Практикум 2

Был составлен список идентификаторов цитохромов В выбранных животных. С помощью средств EMBOSS был создан файл с последовательностями этих белков. После выровняли белки программой mafft и с помощью библиотеки BioPython перевели этот файл в формат, который воспринимается программой FastMЕ (а именно phylip-relaxed). Далее была проведена реконструкция, используя в качестве модели сначала MtREV, затем p-distance. В самом конце я реконструировала дерево программой IQ-Tree. Команды, которые использовались для выполнения действий выше:

seqret @list.txt my_sequences.fasta

mafft my_sequences.fasta > aln.fasta

fastme -i aln_phy.phy -o MtREV_cyb.phy -pM

fastme -i aln_phy.phy -o p-distance_cyb.phy -pp

iqtree -s aln_phy.phy

Рис.2.
Рис. 1. Дерево, построенное по таксономии
Рис.2.
Рис. 2. Дерево, построенное при помощи IQ-Tree
Рис.2.
Рис. 3. Дерево, построенное при помощи FastMe MTrev
Рис.2.
Рис. 4. Дерево, построенное при помощи FastMe p-distance

Вывод

Исходное таксономическое дерево изначально было неразрешённым, программы с разрешением справились.
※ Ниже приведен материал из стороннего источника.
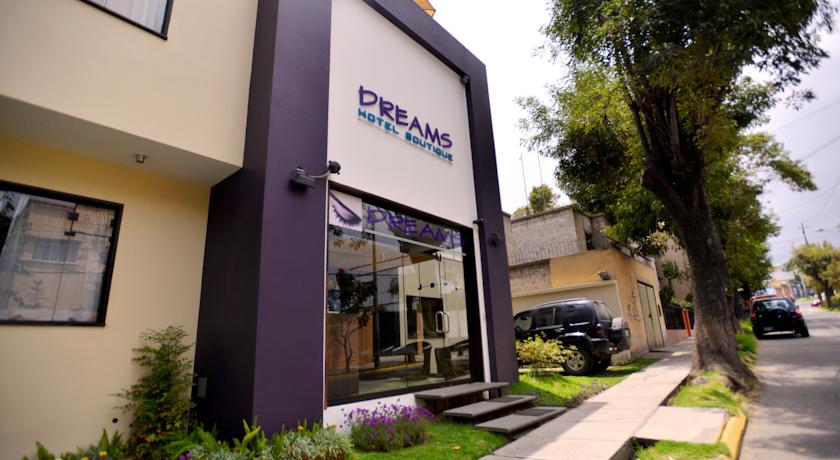 Imagen de los exteriores del Hotel Dreams Boutique. Foto 11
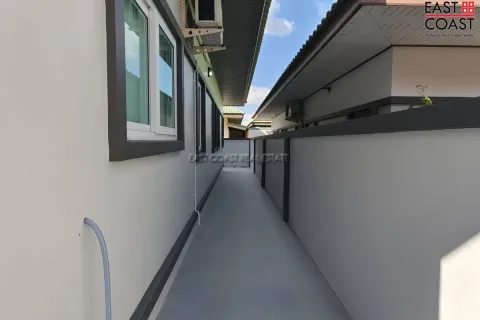 Casa de 3 dormitorios en Pattaya, Tailandia № 212521 - foto 11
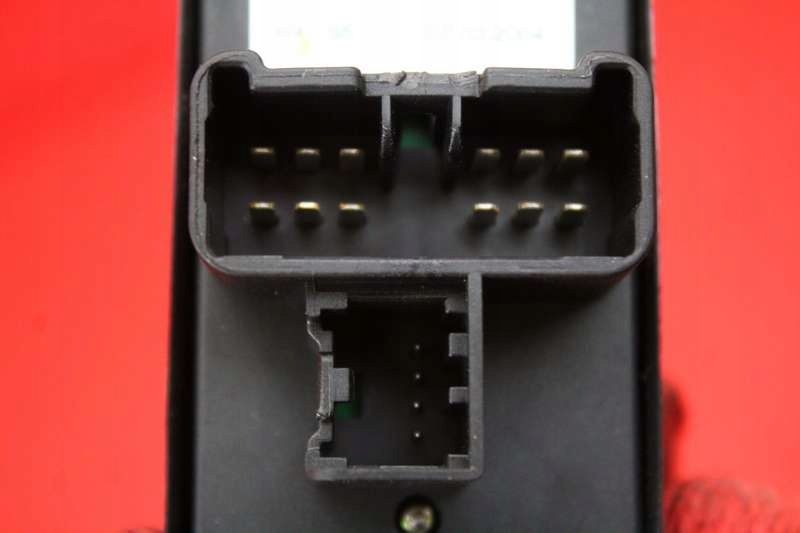 фото №11, Панель керування вікон eu dd1066350b mazda 2 ii dy 03-05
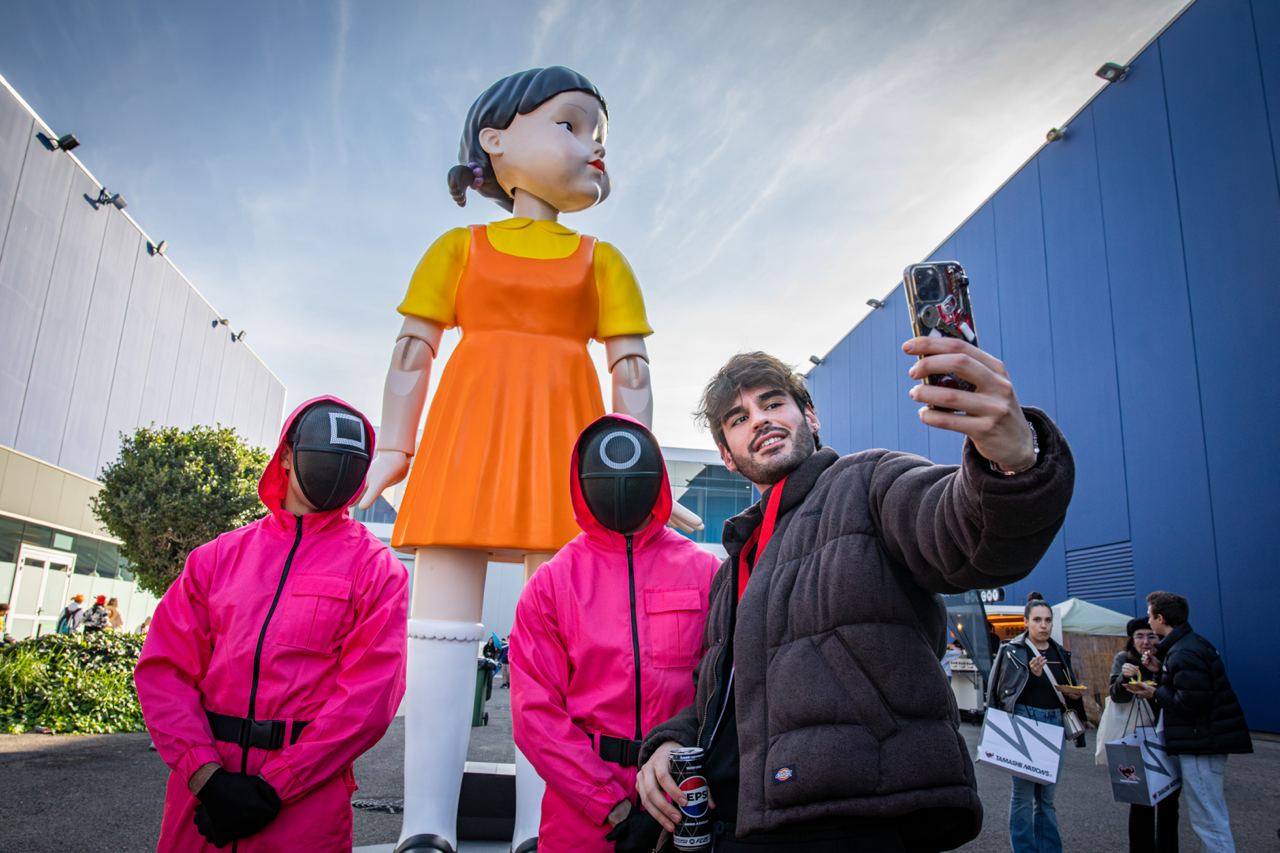 Participants del Manga a l'exterior de la Fira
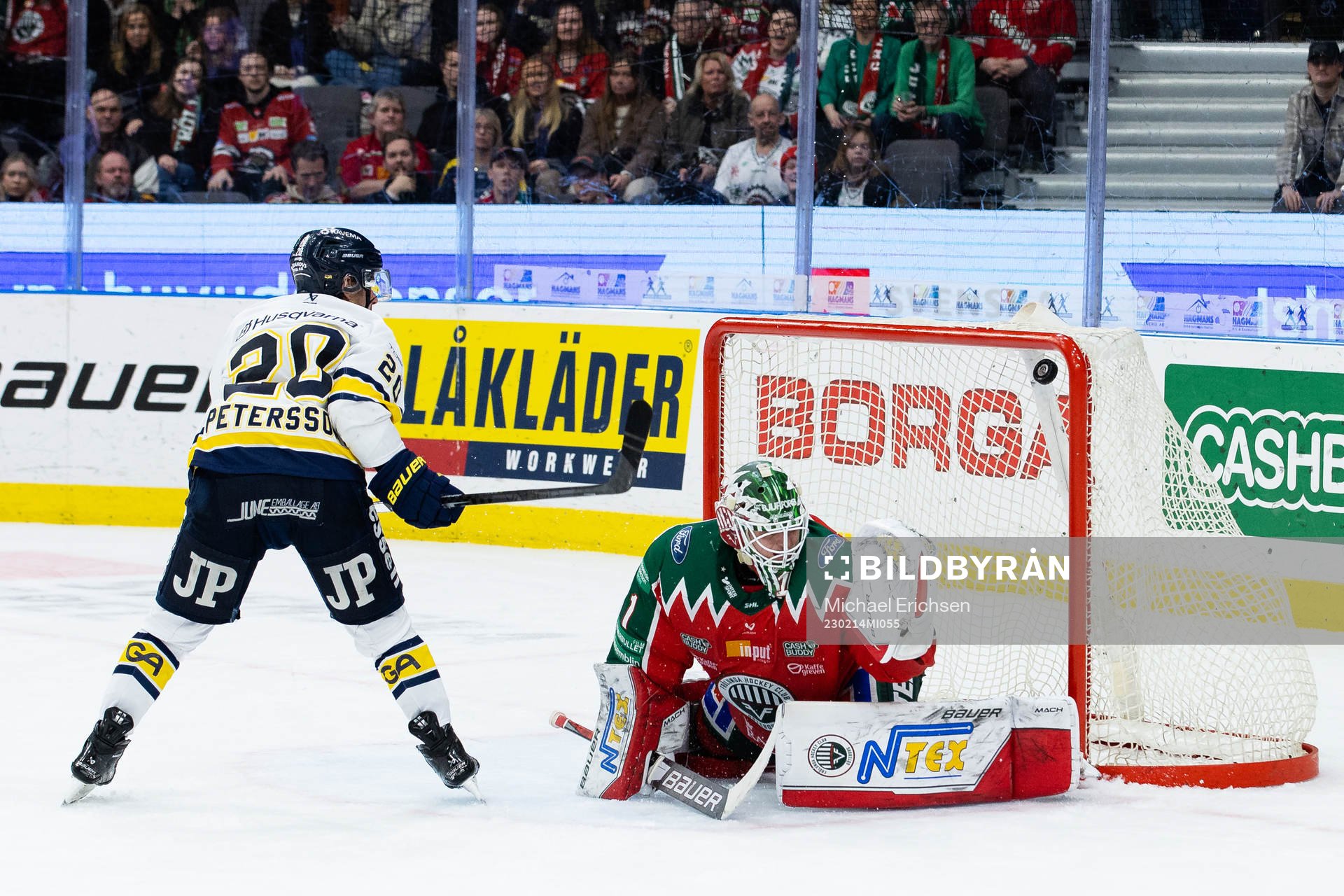 HV71s André Petersson sätter en straff i mål på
Дерево, построеннное методом максимального правдоподобия (IQ-Tree) отличается от двух других деревьев (MTrev и p-distance): ветвь с Ursus (URSAM и URSMA) располагается более базально, чем ветвь Ailuropoda. Т.е. по сравнению с дистанционными методами, порядок другой. В остальном, все ветви, которые были разрешены на дереве, реконструированном по белкам, идентичны.